Установленный многими исследователями факт, что наследственностью определяется лишь около 50 % трудностей чтения, говорит о важной роли среды в развитии психики ребенка. Наличие генетических или структурных изменений не означает неизбежного появления отклонений в психическом развитии. Влияние среды и возможностей самоорганизации функциональных систем объясняет многочисленные наблюдения того, что воздействие одного и того же патогенного фактора может приводить у разных детей к неодинаковым эффектам.

Так, дети с низким весом при рождении чаще всего имеют в качестве следствий проблемы в формировании пространственных функций и функций программирования и контроля. Однако, как показывает анализ выполнения чувствительной к этим функциям пробы с кубиками Кооса («Конструирование» из методики Векслера), дети-подростки, родившиеся с весом менее 750 г и от 750 г до 1,5 кг, так же, как и дети с нормальным весом, при рождении показывают «веер» возможностей от низких до высоконормативных (Taylor et al., 2004).
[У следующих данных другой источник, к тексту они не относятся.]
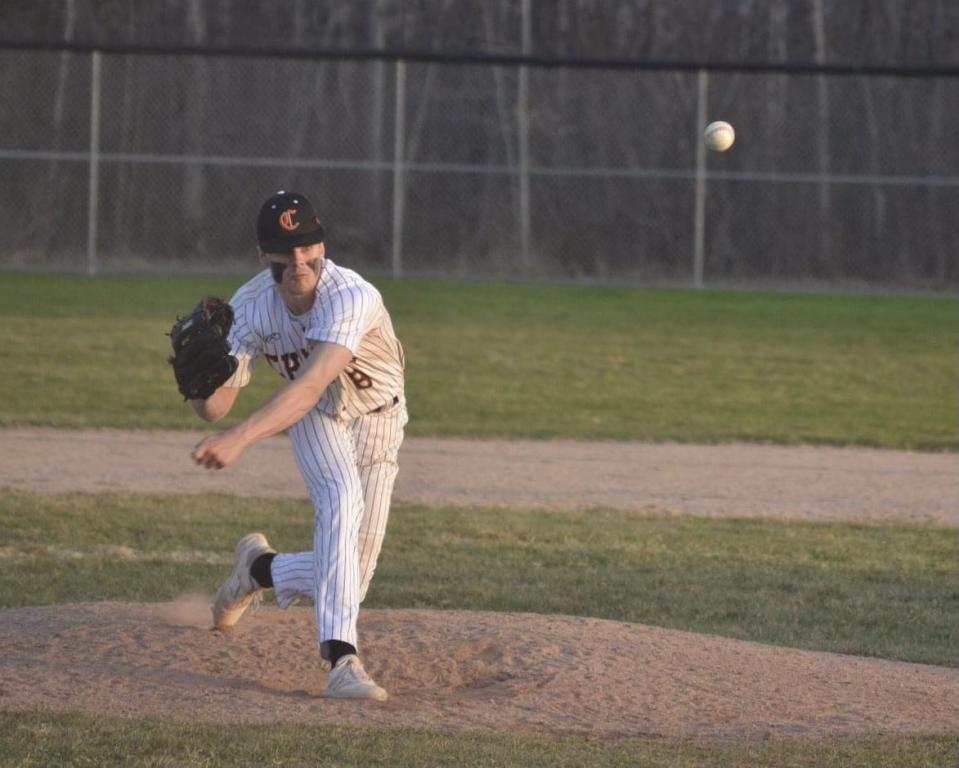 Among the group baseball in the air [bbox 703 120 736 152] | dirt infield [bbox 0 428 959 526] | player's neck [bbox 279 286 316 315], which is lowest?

Таким образом, связь мозговой организации и функциональных проявлений не носит жестко детерминированного характера. Этому регулярно повторяемому факту соответствует современное понимание нейробиологических основ развития психики ребенка, для которого характерно признание сложного и тесно переплетенного взаимодействия факторов среды и наследственности, конструктивной самоорганизации структурно-функциональных систем, важности ранних этапов развития ребенка (Gottlieb, 2002; Johnson, 1997). Существенно отметить, что принципиально близкую позицию в этом вопросе занимал и Л. С. Выготский (см. обзор (Ахутина, 2007)).
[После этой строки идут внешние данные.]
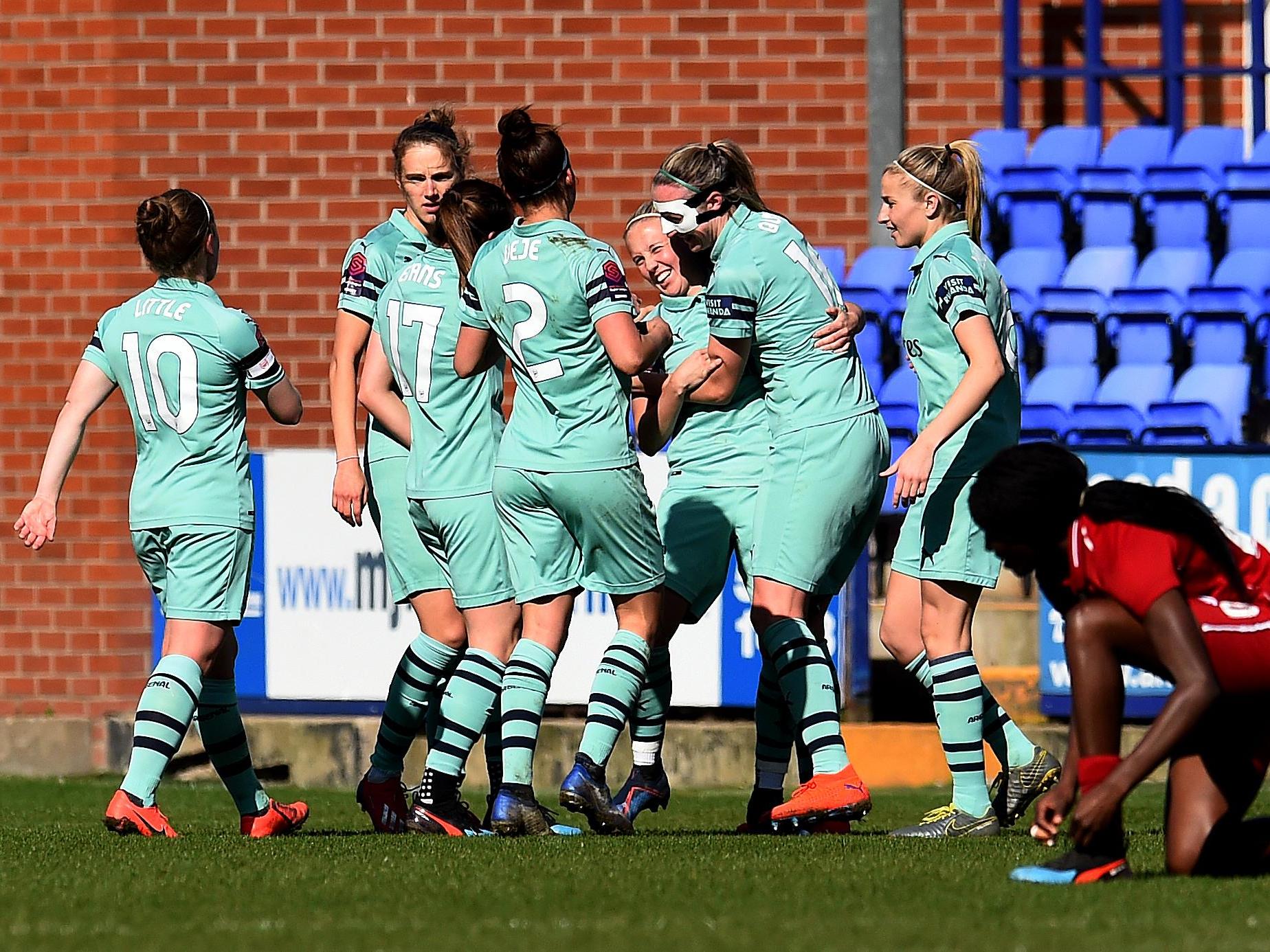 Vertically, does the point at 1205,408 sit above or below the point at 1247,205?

За последнюю четверть века было обнаружено много фактов, которые говорят об огромной значимости раннего опыта для формирования структурно-функциональных систем мозга и их эффективности. Мы воспользуемся несколькими аргументами в пользу этого положения, приводимыми в статье Э. Кнудсена и Дж. Хекмана с соавторами (Knudsen, Heckman et al., 2006).
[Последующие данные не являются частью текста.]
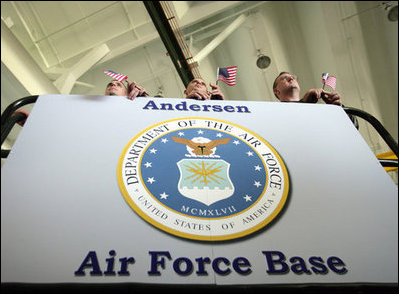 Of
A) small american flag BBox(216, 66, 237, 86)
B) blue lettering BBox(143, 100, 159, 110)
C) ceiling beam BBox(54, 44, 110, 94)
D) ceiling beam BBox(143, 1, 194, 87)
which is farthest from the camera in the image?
ceiling beam BBox(54, 44, 110, 94)

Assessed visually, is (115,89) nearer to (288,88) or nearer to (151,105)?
(151,105)

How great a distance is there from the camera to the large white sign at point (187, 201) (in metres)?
0.92

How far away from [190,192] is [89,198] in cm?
36

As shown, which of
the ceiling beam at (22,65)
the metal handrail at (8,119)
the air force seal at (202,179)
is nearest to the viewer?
the air force seal at (202,179)

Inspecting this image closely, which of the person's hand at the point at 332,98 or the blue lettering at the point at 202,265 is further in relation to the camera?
the person's hand at the point at 332,98

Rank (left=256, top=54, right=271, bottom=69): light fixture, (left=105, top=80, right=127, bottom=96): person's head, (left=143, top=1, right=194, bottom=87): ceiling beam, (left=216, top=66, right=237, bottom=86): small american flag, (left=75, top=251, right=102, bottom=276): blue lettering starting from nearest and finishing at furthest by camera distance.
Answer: (left=75, top=251, right=102, bottom=276): blue lettering
(left=105, top=80, right=127, bottom=96): person's head
(left=216, top=66, right=237, bottom=86): small american flag
(left=143, top=1, right=194, bottom=87): ceiling beam
(left=256, top=54, right=271, bottom=69): light fixture

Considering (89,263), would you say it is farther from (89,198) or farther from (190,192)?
(190,192)

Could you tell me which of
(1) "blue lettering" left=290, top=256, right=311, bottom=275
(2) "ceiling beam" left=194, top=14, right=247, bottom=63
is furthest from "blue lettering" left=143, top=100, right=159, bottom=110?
(2) "ceiling beam" left=194, top=14, right=247, bottom=63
Так, во-первых, были получены данные о том, что развитие соотношения «мозговая структура – функция» является двунаправленным процессом взаимодействия: не только функция зависит от структуры, но и мозговая архитектура зависит от опыта функционирования (ср. Gottlieb, 2002). Самый наглядный и хорошо изученный пример – это образование круговой мозговой цепи (circuit) между таламусом и первичной зрительной корой.

Если состояние зрения одного глаза значительно хуже, чем другого, аксоны, несущие информацию от ослабленного глаза, отсоединяются от нейронов зрительной коры, при этом прекращается рост большинства отростков. Наоборот, у аксонов, идущих от более сильного глаза, развивается множество отростков и устанавливается превышающее норму количество соединений с корковыми нейронами. Это изменение в строении мозговых структур ведет к фундаментальному изменению функционирования части зрительной коры, получающей доминантную роль благодаря связи с сильным глазом. Такое влияние опыта на строение мозга возможно лишь в краткий сенситивный период развития этой мозговой круговой цепи, и, как только она созрела, основные следствия оказываются необратимыми. После выхода из сенситивного периода уже невозможно полностью нормализовать структуру и функции мозговой круговой сети, связанной с депривированным в раннем возрасте глазом (Hubel et al., 1977; Hensch, 2005).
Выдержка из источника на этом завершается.